With three new mechanisms for treating viral infections in its pipeline, Presidio Pharmaceuticals Inc. closed a $26 million Series B financing round.
David Jobes, co-founder and vice president of business development at Presidio, said the funding will be used to drive two lead HIV programs into the clinic and should last between 18 and 24 months, depending on how quickly the San Francisco-based company moves.
If precedent serves, Presidio will be moving pretty fast. Since its founding in 2006, the company recruited a management team, raised a $1.4 million Series A and the current Series B and built a pipeline by licensing three anti-infective programs.
Lead candidate PPI-802 is a prodrug of the small-molecule PPI-801 (MIV-410), licensed from Medivir AB.
The HIV drug is a nucleoside reverse transcriptase inhibitor (NRTI), but rather than immediately terminating the growth of the nucleoside chain like traditional NRTIs, PPI-802 allows one more nucleoside to be added at an odd angle. The benefit of that unique mechanism, Jobes explained, is that the kinked nucleoside chain makes it more difficult for the virus to establish resistance by cutting the drug out of the chain and resuming its growth.
"It's a known class of molecules with a twist," said Srinivas Akkaraju, managing director with Series B lead investor Panorama Capital.
In preclinical studies, PPI-802 has shown an "excellent profile . . . of inhibiting multidrug-resistant isolates," Presidio's co-founder, President and CEO Omar Haffar noted. It also has exhibited a good safety profile in standard in vitro toxicity assays and in vivo animal studies. Investigational new drug-enabling studies are under way, and Akkaraju predicted the Series B funding will carry the program through Phase I/IIa trials, where viral load reduction can be evaluated.
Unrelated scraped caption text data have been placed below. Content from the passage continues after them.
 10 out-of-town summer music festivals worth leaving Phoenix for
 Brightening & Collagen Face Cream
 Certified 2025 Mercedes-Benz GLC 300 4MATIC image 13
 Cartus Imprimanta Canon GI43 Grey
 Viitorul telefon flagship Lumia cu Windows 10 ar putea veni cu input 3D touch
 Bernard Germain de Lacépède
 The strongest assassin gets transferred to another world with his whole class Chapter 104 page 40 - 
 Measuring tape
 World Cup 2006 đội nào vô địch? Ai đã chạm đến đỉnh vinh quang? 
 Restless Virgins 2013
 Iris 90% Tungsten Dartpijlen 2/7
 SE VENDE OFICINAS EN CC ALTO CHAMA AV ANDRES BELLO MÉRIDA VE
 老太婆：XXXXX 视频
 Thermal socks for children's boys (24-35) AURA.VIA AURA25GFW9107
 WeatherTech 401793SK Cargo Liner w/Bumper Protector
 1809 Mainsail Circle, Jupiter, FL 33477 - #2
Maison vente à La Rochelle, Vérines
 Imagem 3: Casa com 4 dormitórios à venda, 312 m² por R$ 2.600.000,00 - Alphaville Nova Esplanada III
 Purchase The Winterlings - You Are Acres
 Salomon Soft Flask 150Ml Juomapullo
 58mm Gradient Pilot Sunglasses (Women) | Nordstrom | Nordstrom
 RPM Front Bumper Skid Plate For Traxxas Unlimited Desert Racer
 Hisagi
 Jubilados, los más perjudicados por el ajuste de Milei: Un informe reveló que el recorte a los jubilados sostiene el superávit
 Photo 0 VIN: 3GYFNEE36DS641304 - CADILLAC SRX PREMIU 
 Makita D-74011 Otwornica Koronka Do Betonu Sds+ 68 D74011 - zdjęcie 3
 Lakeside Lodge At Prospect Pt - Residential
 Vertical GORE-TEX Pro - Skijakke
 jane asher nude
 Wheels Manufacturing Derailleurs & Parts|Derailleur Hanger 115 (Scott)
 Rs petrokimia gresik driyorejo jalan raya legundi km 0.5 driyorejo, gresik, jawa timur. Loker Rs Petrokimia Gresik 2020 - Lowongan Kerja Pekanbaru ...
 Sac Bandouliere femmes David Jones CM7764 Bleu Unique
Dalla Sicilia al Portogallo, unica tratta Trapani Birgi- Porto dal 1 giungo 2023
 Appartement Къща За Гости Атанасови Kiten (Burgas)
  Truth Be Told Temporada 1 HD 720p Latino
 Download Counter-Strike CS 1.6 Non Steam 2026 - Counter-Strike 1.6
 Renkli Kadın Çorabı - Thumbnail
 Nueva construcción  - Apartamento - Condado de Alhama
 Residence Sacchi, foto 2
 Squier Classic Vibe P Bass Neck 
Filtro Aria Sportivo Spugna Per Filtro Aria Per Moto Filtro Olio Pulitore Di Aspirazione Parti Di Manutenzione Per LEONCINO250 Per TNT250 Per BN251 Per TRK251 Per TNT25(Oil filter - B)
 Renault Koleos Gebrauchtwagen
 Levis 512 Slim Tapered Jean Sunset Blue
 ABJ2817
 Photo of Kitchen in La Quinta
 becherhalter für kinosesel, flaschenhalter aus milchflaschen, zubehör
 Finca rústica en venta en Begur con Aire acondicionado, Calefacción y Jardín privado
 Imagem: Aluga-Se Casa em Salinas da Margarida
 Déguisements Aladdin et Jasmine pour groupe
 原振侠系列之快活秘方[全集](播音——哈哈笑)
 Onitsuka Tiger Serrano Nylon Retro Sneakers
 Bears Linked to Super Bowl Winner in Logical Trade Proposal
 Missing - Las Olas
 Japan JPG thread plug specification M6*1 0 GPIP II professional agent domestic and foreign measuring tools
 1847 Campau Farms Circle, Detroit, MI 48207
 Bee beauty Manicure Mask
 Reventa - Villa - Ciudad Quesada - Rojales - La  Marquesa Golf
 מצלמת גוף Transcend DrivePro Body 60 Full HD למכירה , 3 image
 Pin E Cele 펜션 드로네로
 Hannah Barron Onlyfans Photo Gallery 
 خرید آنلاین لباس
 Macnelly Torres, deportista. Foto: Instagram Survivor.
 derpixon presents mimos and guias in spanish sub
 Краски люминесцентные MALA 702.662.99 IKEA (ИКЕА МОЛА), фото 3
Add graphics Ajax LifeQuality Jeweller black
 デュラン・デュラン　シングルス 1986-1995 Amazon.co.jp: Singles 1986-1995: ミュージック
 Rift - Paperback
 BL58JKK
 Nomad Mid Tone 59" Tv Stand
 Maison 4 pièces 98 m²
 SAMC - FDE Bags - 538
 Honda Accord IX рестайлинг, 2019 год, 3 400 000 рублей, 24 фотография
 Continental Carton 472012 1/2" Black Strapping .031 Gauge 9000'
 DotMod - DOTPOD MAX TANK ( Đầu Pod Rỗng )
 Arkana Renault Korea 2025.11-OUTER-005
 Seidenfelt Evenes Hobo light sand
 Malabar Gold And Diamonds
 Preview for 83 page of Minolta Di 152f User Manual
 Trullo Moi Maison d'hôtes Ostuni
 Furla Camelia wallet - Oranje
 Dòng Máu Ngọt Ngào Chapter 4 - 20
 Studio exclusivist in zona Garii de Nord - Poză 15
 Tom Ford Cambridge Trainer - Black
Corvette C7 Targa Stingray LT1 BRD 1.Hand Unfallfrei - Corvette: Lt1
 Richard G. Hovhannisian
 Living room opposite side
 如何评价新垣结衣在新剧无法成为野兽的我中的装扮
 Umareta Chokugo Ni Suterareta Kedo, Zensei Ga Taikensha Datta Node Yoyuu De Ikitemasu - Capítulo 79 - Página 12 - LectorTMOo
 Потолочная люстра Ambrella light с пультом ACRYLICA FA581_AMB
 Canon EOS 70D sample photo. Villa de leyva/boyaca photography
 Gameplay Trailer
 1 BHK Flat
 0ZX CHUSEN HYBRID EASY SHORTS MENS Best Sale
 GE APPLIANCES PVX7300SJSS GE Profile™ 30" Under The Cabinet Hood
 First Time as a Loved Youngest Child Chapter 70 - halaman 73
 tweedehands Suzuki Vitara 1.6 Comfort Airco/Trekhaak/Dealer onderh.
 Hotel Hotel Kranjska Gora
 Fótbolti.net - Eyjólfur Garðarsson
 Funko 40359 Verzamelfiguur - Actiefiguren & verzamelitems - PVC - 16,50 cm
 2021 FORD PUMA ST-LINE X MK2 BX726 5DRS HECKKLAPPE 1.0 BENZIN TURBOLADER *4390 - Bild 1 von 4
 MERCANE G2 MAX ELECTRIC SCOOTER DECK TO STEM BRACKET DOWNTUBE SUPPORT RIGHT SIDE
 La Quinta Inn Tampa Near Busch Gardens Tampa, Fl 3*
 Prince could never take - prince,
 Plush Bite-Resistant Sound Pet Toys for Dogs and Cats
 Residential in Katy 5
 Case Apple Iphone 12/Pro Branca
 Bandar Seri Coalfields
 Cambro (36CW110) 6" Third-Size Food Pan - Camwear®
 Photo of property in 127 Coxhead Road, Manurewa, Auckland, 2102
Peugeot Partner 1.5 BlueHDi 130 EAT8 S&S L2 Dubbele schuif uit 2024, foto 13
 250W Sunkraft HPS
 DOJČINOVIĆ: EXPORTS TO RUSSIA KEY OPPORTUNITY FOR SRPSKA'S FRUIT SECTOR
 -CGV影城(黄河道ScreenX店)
If PPI-802 is successful, it may offer a once-daily, low-dose treatment option for patients who have become resistant to other NRTIs. World-renowned HIV expert Marcus Conant, who came out of semi-retirement to serve as Presidio's chief medical officer, told BioWorld Today that many patients have developed resistance to older NRTIs like AZT (zidovudine, GlaxoSmithKline plc), and in the San Francisco area, 20 percent of newly diagnosed HIV patients carry drug-resistant strains of the virus.
Another company seeking to address resistance to NRTIs is New Haven, Conn.-based Achillion Pharmaceuticals Inc., which is in Phase II with its new NRTI, elvucitabine. Melbourne, Australia-based Avexa Ltd. recently completed Phase II with a new NRTI, apricitabine, also aimed at drug-resistant HIV strains. And San Diego-based Adventrx Pharmaceuticals Inc. has shown in preclinical studies that ANX-201 may be able to resensitize NRTI-resistant virus strains.
Presidio's second program also involves a new mechanism for treating HIV. The PPI-367 series of small molecules, which were derived from Nuclear Exclusion Technology (NEXT) licensed from Cytokine PharmaSciences, are designed to block HIV's movement from the cytoplasm into the nucleus. If the approach is successful, it could theoretically be applied to a wide variety of viral diseases.
The PPI-367 compounds are undergoing lead optimization, and Akkaraju said the Series B financing likely would carry the selected lead into early clinical trials.
Behind its HIV programs, Presidio is working on an early stage HCV program licensed from Stanford University that involves identifying molecules that mimic an inhibitory peptide shown to interrupt the ability of the NS5A protein to anchor the viral nucleoprotein complex to cellular membranes.
Additional proceeds from the Series B financing will be used to expand Presidio's management team through the addition of a chief scientific officer. Funding also may be used to in-license additional programs.
Panorama Capital, an independent spinout of JPMorgan Partners, led the Series B round. Akkaraju told BioWorld Today that Presidio initially was looking to raise $20 million to $22 million, but the company had $30 million to $35 million worth of investment interest before deciding to close the round at $26 million.
New investors in the round included Baker Brothers Investments, Bay City Capital, Ventures West Capital and Nexus Medical Partners. All three existing investors - Sagamore Bioventures, George Rathmann Fund and Peninsula Overview Partners - also participated.
Concurrent with the financing, Akkaraju joined Presidio's board of directors, as did Felix Baker of Baker Bros. Advisors LLC, Daniel Perez of Bay City Capital, Kenneth Galbraith of Ventures West Capital and John (Jack) Obijeski, previous special advisor to the company.